Дело было, конечно, не только в этом. Она встретилась с высшим эшелоном власти, и он в этот раз вызвал у нее чувство неприятия и духовного отторжения. У нее и раньше были замечания и сомнения на этот счет, но если еще два года назад руководители страны: те, которых она знала или видела — были чем-то ей близки и в целом ее удовлетворяли: своей образованностью, европейской культурой, широтой взглядов, способностью понять другого — то им на смену в результате чисток пришел иной народ: темный, раболепный, мстительный — может быть, по-своему и способный, но напрочь лишенный моральных устоев. В этом, собственно, и заключалась, догадывалась она, цель внешне бессмысленных репрессий: это была смена одного правящего класса другим, далеко не лучшим — последнего она не хотела иметь за своей спиной и доверять ему свое существование. Может быть, не все были там такими: может, в этом лесу была поражена болезнью треть или четверть деревьев, но атмосферу в нем они создавали удушливую и гулять в нем ей не хотелось. Поэтому когда ей через Якова передали предложение (которое он поддержал) готовиться к опасной поездке в Америку, она неожиданно для себя расплакалась (прощание с прежним делом и старыми товарищами далось ей тяжелее, чем она думала), но с твердостью отказалась. Яков был разочарован: как сотрудник Управления он жалел, что из него уходят ценные кадры, — особенно тогда, когда они были нужны особенно. Была еще одна причина, которую она предполагала, хотя не говорила о ней вслух: он был тщеславен, и ему было бы приятно, готовя новых гонцов за рубеж, говорить им, что он посылает туда не только чужих, но и самых близких ему людей; об этом и говорить было бы не нужно: все и без того об этом бы знали…

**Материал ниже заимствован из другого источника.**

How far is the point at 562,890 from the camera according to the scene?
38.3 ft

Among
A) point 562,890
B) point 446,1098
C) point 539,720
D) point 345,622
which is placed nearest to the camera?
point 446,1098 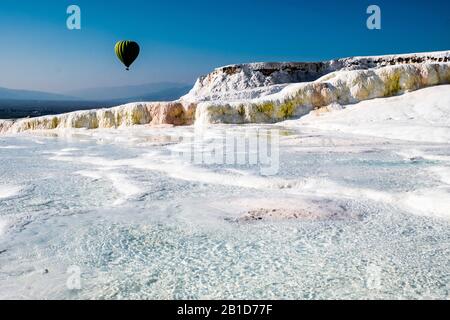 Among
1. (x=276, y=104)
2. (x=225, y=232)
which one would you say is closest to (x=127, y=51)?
(x=276, y=104)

А может быть, он просто снова захотел от нее избавиться…

Но к русскому народу, которого она по-прежнему знала мало, но уже лучше чувствовала, она питала старые симпатии и хотела быть ему полезной. Поэтому она осталась в стране без большой горечи и сожаления. (Да и захоти она другого, ехать было некуда: ее родные были здесь, и границы обоих ее отечеств были для нее закрыты.) Она, как говорила старая и полюбившаяся ей французская поговорка, оказалась взаперти на улице.

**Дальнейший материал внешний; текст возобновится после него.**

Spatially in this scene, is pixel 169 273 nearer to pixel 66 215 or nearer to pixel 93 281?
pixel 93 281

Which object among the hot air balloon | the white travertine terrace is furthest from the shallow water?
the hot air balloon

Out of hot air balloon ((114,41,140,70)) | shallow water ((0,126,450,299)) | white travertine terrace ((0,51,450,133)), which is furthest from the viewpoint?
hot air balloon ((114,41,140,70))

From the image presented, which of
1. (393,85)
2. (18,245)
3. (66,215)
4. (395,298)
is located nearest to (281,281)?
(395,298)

Ее уволили в запас. На этом ее служба в Красной Армии закончилась.

ЧАСТЬ ТРЕТЬЯ. В РОССИИ

1

Рене решила, что станет медиком. Между судьбой врача и революционера много общего: тем и другим движет сочувствие к ближнему, и многие революционеры, разочаровавшись в своем деле, пошли в доктора: чтоб приносить пользу людям, так сказать, из рук в руки, без посредников, которые все ставят с ног на голову. Военные тоже любят врачей — не только потому, что те спасают их в бою и после него, в госпиталях и лазаретах, но еще и оттого, что чувствуют в них родную жилку — людей, готовых стать в строй, едва зазвучит сигнал тревоги: у врачей есть даже мундиры — одинакового для всех белого цвета. Прежде Рене не имела дел с докторами и если испытывала влечение к их деятельности, то чисто умозрительное, платоническое, но в последнее время ей довелось общаться со специалистами, лечившими Жанну от туберкулеза, — в их кругу она почувствовала себя как дома: это были люди, близкие ей по духу и по призванию, — среди детских фтизиатров были тогда настоящие подвижники.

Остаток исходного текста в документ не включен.